As it stands, my code contains a nested for loop, iterating the same list twice.

EDIT: Turned lines into a HashSet and used two foreach loops... shaved about 45 seconds off scanning 10,000. It's still not enough.

foreach (Line2D g in lines)
{                   
foreach (Line2D h in lines)
{
    if (g.intersectsLine(h))
    {
        return false;
    }
}                  

 } // end 'lines' for each loop

If I force my "intersectsLine()" method to return false (for testing purposes) it still takes 8 seconds to scan 10,000 records (I have 700,000 records). This is too long, so I need to optimize this piece of code.

I tried removing lines from the List after it's been compared to all the other lines, however there's an accuracy issue (no idea why) and the speed increase is barely noticeable.

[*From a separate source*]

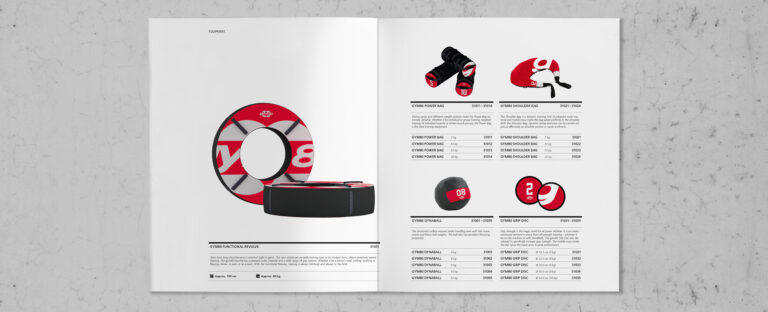 VOON Werbeagentur Case – Literaturkonzept für gym80 Produktbroschüre Functional Performance, Doppelseiten 4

Here is my intersectsLine method. I found an alternate approach here but it looks like it'd be slower with all the method calls and whatnot. Calculating the slope doesn't seem to me like it'd take too much computing (Correct me if I'm wrong?)

public bool intersectsLine(Line2D comparedLine)
{

//tweakLine(comparedLine);
if (this.Equals(comparedLine) ||
    P2.Equals(comparedLine.P1) ||
    P1.Equals(comparedLine.P2))
{
    return false;
}

double firstLineSlopeX, firstLineSlopeY, secondLineSlopeX, secondLineSlopeY;

firstLineSlopeX = X2 - X1;
firstLineSlopeY = Y2 - Y1;

secondLineSlopeX = comparedLine.X2 - comparedLine.X1;
secondLineSlopeY = comparedLine.Y2 - comparedLine.Y1;

double s, t;
s = (-firstLineSlopeY * (X1 - comparedLine.X1) + firstLineSlopeX * (Y1 - comparedLine.Y1)) / (-secondLineSlopeX * firstLineSlopeY + firstLineSlopeX * secondLineSlopeY);
t = (secondLineSlopeX * (Y1 - comparedLine.Y1) - secondLineSlopeY * (X1 - comparedLine.X1)) / (-secondLineSlopeX * firstLineSlopeY + firstLineSlopeX * secondLineSlopeY);

if (s >= 0 && s <= 1 && t >= 0 && t <= 1)
{
    //console.WriteLine("s = {0}, t = {1}", s, t);
    //console.WriteLine("this: " + this);
    //console.WriteLine("other: " + comparedLine);
    return true;
}

return false; // No collision */

}

EDIT: The major bottleneck is the big polygons! I excluded running polygons with more than 100 lines, and it ran all 700,000+ polygons in 5:10. Which is in the acceptable range! Surely there's a way to see if a polygon is worth calculating before running this code? I have access to the XMin, Xmax, YMin, and YMax properties if that helps?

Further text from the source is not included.